### Task to carry out
What is needed is the full set of records, word for word, with no pictures.

### Stored items
<<<<

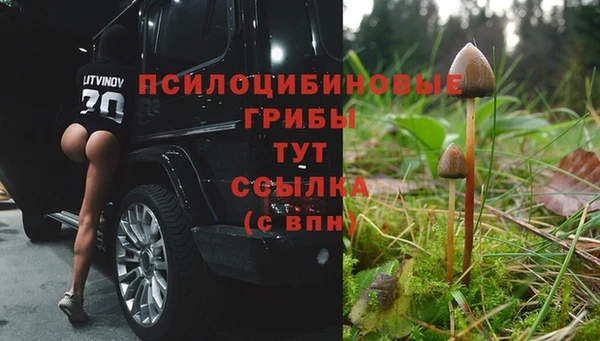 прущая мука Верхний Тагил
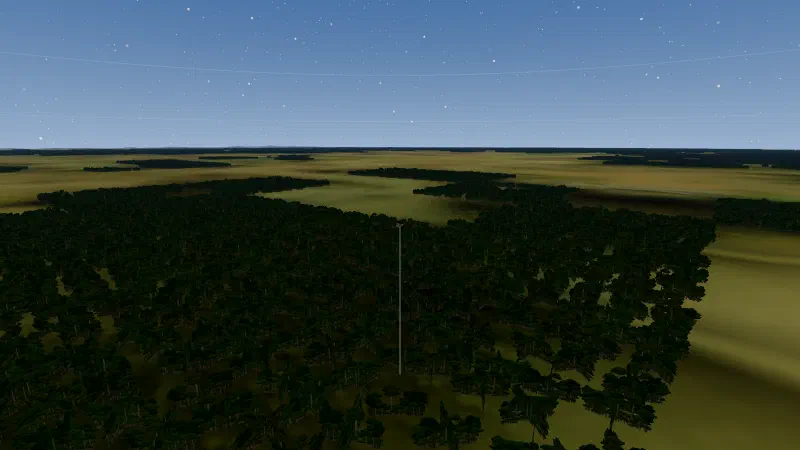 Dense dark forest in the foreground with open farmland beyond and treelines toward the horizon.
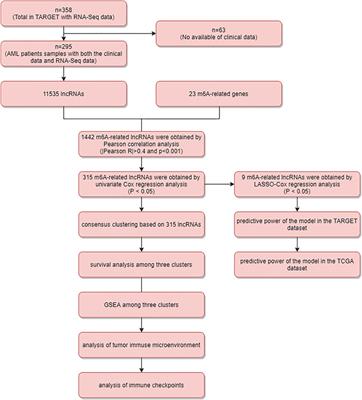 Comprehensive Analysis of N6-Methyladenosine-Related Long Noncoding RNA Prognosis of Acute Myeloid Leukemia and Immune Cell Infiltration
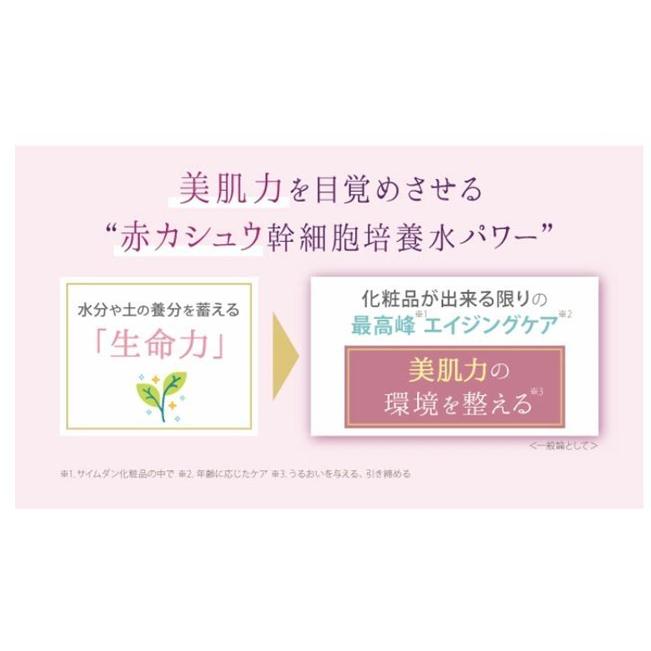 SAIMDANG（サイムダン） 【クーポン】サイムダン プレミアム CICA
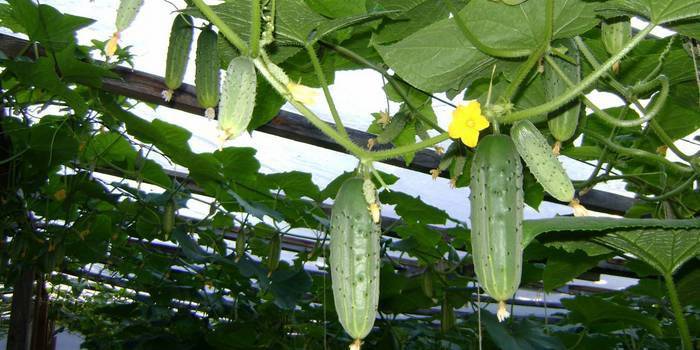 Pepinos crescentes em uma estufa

>>>>

### Output for this exercise
 прущая мука Верхний Тагил
 Dense dark forest in the foreground with open farmland beyond and treelines toward the horizon.
 Comprehensive Analysis of N6-Methyladenosine-Related Long Noncoding RNA Prognosis of Acute Myeloid Leukemia and Immune Cell Infiltration
 SAIMDANG（サイムダン） 【クーポン】サイムダン プレミアム CICA
 Pepinos crescentes em uma estufa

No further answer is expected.